“La política tiene mucho de farsa”, dijo el presidente Uribe en Santo Domingo, República Dominicana, en medio de una gran cumbre presidencial, rodeado de decenas de mandatarios que apenas sonrieron ante la espontánea sinceridad de su colega colombiano. La frase del presidente Uribe tuvo esta semana, con la revelación de un video en el cual la ex congresista Yidis Medina confiesa un intercambio de votos por puestos y proyectos, una confirmación extraordinaria. La política tiene mucho de farsa, sin duda. El mismo presidente Uribe es uno de sus protagonistas. Pero la farsa tiente otros participantes: el periodista que presentó el video como si tratase de un documento excepcional que demostraría para la posteridad que los parlamentarios (vaya sorpresa) piden puestos; algunos miembros del partido Liberal que denunciaron, sin un ápice de ironía, el clientelismo oficial: el diablo ataviado de rojo, a la usanza tradicional, haciendo las ostias de la hipocresía; y el mismo Gobierno que se declara casto y puro después de haber recorrido 2.500 kilómetros, acampando de pueblo en pueblo, en caravana clientelista.

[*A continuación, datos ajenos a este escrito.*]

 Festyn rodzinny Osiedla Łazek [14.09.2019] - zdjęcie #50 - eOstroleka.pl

Pero la farsa de Yidis tiene un capítulo previo, un acto inicial protagonizado por el presidente Uribe y el ministro Juan Manuel Santos, hoy aliados políticos, pero ayer partes enfrentadas. En la farsa de la política, sobra decirlo, los papeles son intercambiables. El 15 de febrero 2001, el ciudadano Álvaro Uribe Vélez interpuso una demanda ante la Corte Constitucional contra la ley de presupuesto, aprobada en octubre de 2000, que incluía partidas regionales por 300.000 millones de pesos. Las “partidas de inversión social regional” (el eufemismo del momento) deberían ser repartidas entre los congresistas según los designios de Santos, el ministro de Hacienda de la época. Las razones del demandante son, en retrospectiva, sorprendentes. O mejor: propias de una farsa.

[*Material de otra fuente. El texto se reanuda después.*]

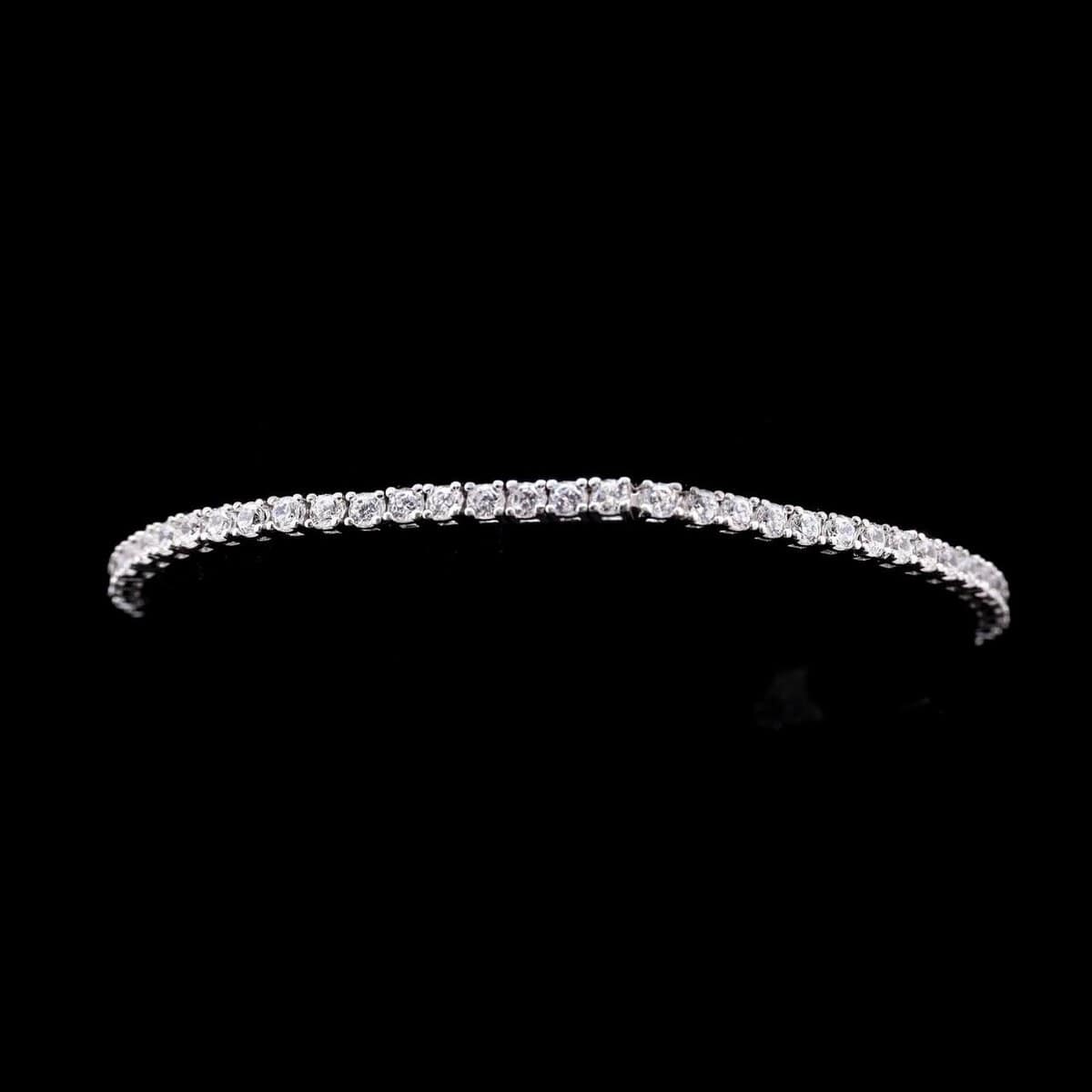Omnia Inara Double Row Radiant-Cut Tennis Bracelet 2.5mm 18cm in 92.5 Silver with Simulated Diamonds - OMNIASTORES UAE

Decía el demandante, el ciudadano Álvaro Uribe Vélez, que las partidas regionales servirían para que los congresistas “aseguren su reelección, olviden los intereses de la Nación y, ciegamente, respalden la reforma”. La transacción demandada era la misma del video: proyectos por votos en una reforma constitucional. Pero el protagonista ha cambiado su papel, el moralizador se ha transmutado con el tiempo en negociador. Anotaba también el demandante: “los congresistas que han hecho uso de las partidas…cuentan con una ventaja comparativa frente a los demás ciudadanos que no han tenido la misma oportunidad…todo lo cual configura una discriminación constitucional”. Y concluía con una advertencia que, en retrospectiva, parece cómica o extraña: “las partidas amenazan la independencia del Congreso frente al Gobierno…los halagos presupuestales, burocráticos o contractuales generan la desaparición del derecho de ejercer el control político”. La farsa de la política se comprueba, ente otras cosas, en la volatilidad de las opiniones.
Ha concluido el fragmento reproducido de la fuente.